Task for the records below: please retype exactly and only the lines from the first through the one with "Aluminium multi position ladders", with every picture omitted.
(Data begins)
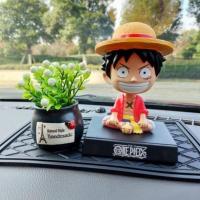 ราคา ของแต่งรถ ตกแต่งภายในรถยนต์ ตุ๊กตาหน้ารถ onepiece ลูฟี่ ลูฟี่ช็อปเปอร์เขย่าหัวตุ๊กตารถระดับไฮเอนด์ ตุ๊กตาหน้ารถ (14489494356)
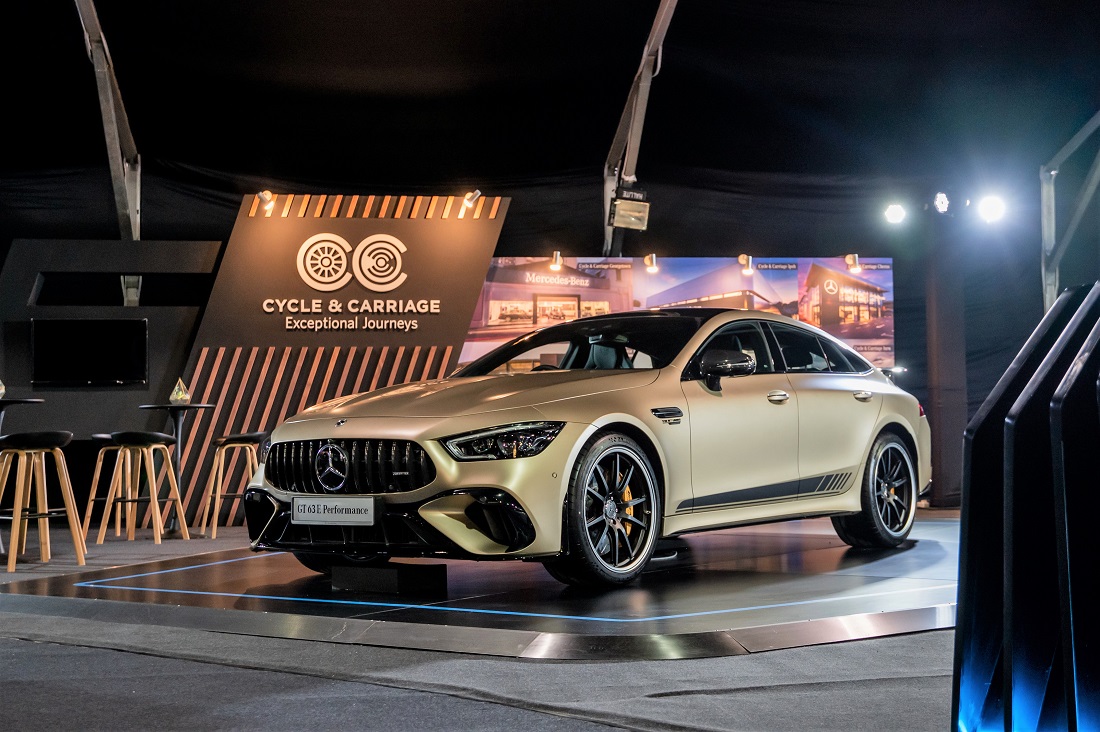 hybrid, malaysia, mercedes amg, mercedes benz, mercedes-benz malaysia, mercedes-amg gt 63 s e performance launched in malaysia
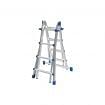 Aluminium multi position ladders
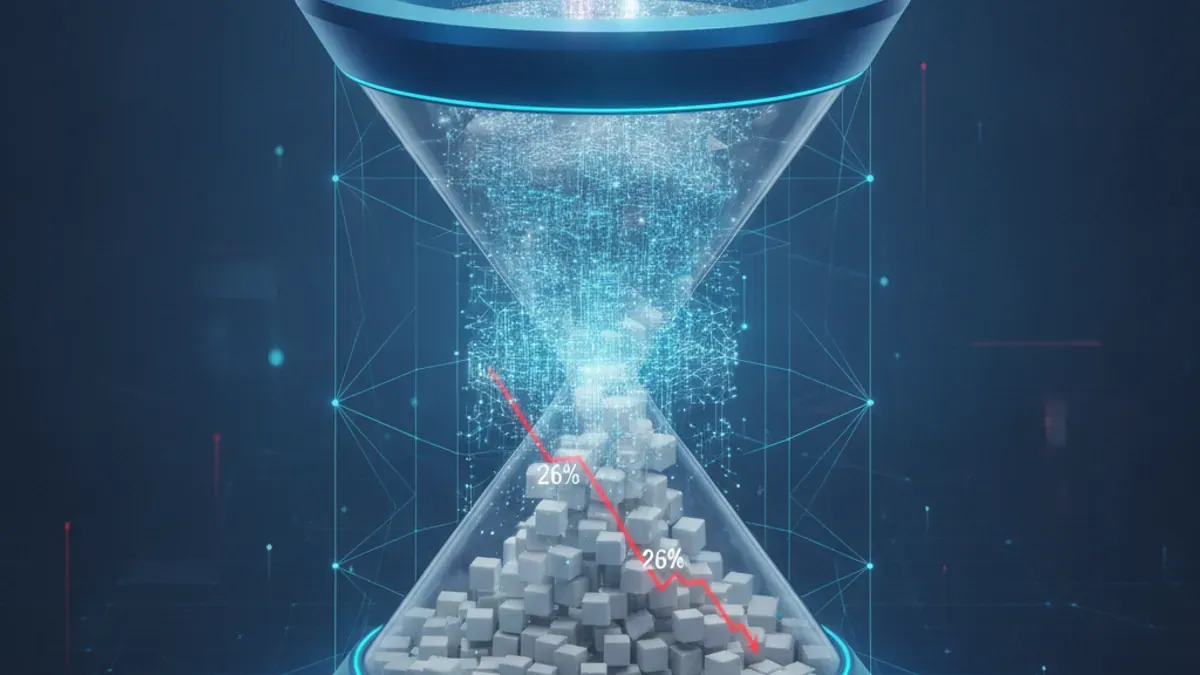 AI Generated Cover for: The 50-Hour Trap: AI Made Content Faster and Worse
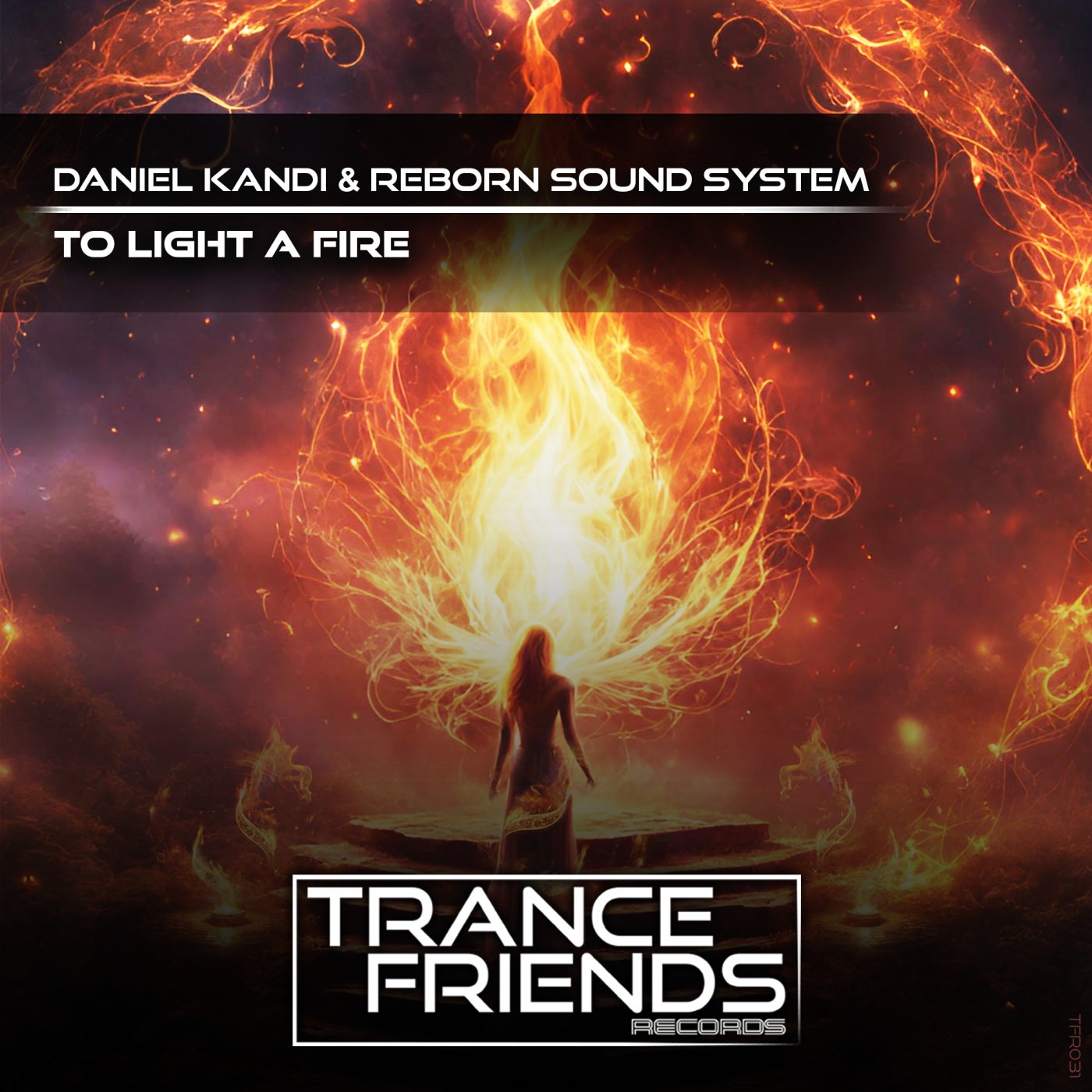 Cover - Daniel Kandi, Reborn Sound System - To Light a Fire (Original Mix)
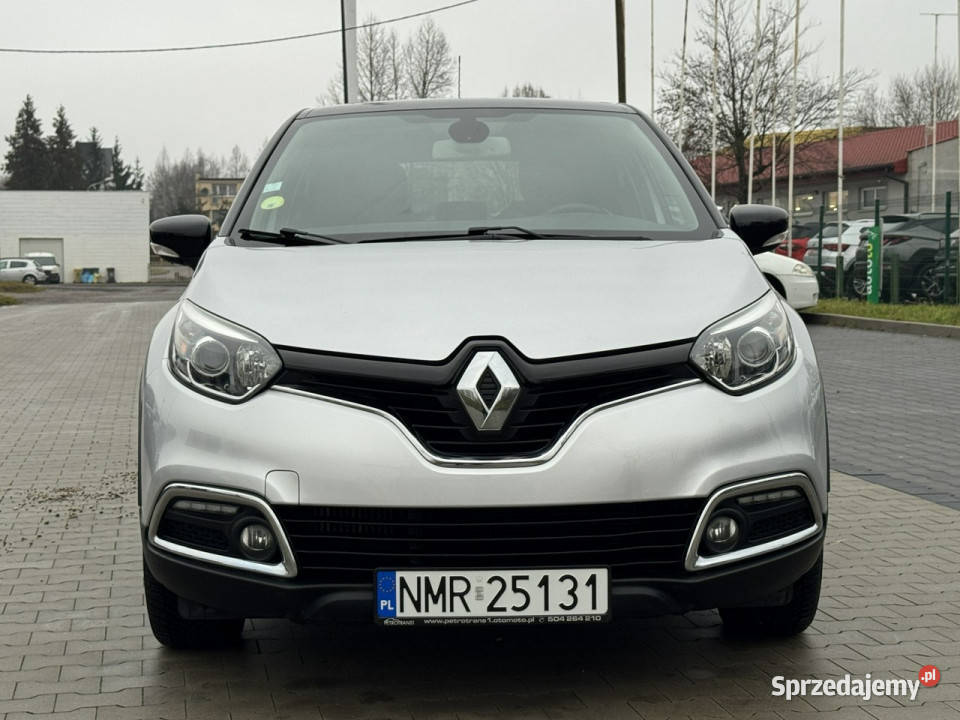 Renault Captur 15 DCI 90 LED Nawigacja Tempomat Captur sprzedam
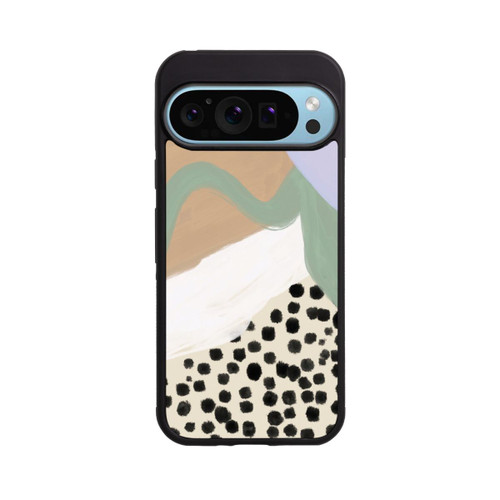 Google Pixel 9 Pro Base Case Verrücktes Leben Boho Pastell
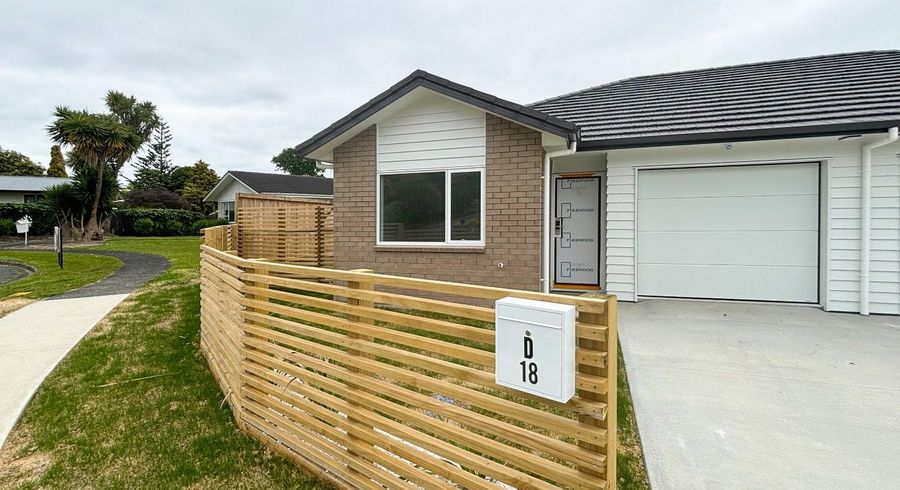 at 18D Cypress Crescent, Pukete, Hamilton, Waikato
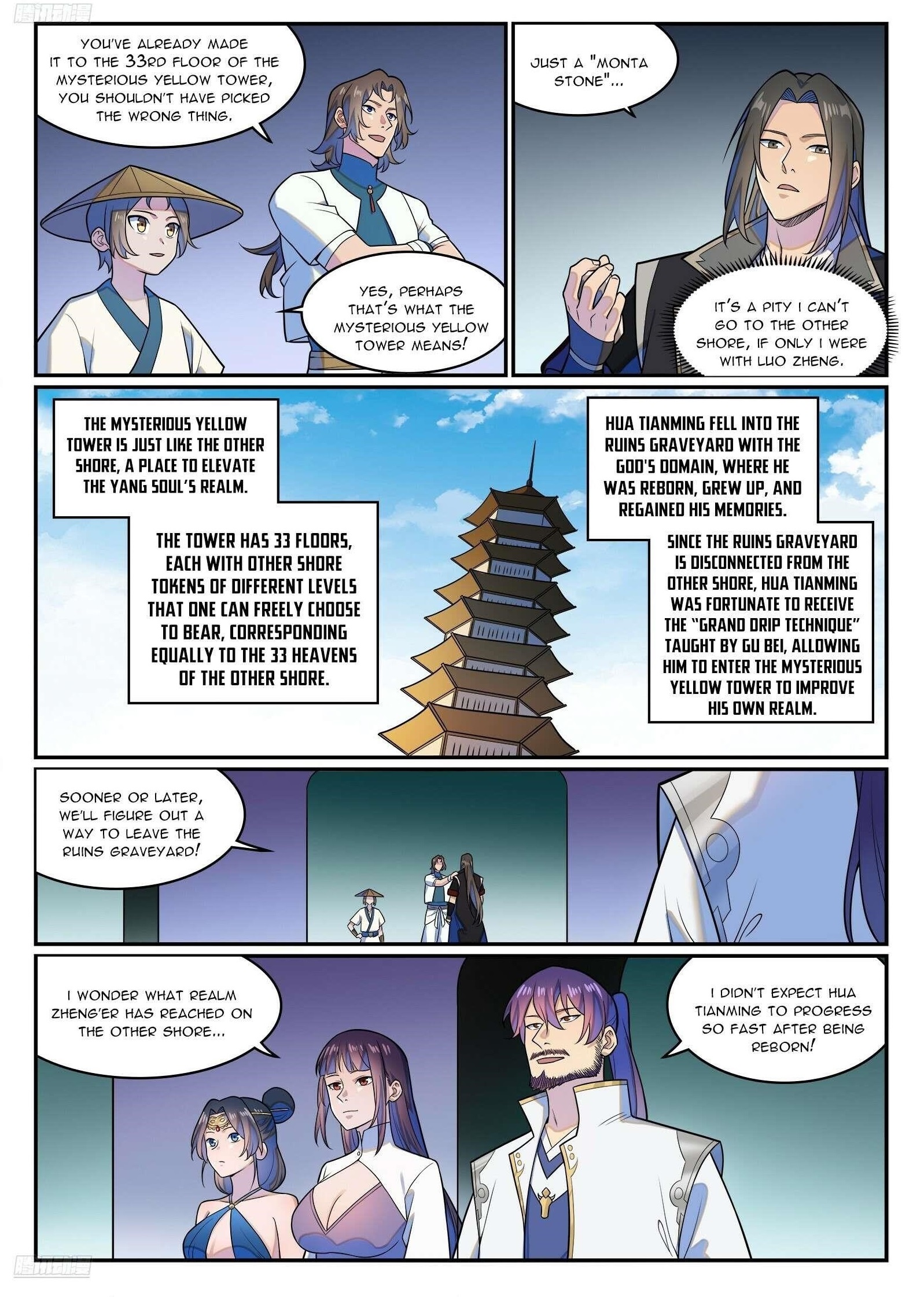 Apotheosis – Ascension to Godhood - Chapter 1290 Page 1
(Data ends)
#### [Written reply]
 ราคา ของแต่งรถ ตกแต่งภายในรถยนต์ ตุ๊กตาหน้ารถ onepiece ลูฟี่ ลูฟี่ช็อปเปอร์เขย่าหัวตุ๊กตารถระดับไฮเอนด์ ตุ๊กตาหน้ารถ (14489494356)
 hybrid, malaysia, mercedes amg, mercedes benz, mercedes-benz malaysia, mercedes-amg gt 63 s e performance launched in malaysia
 Aluminium multi position ladders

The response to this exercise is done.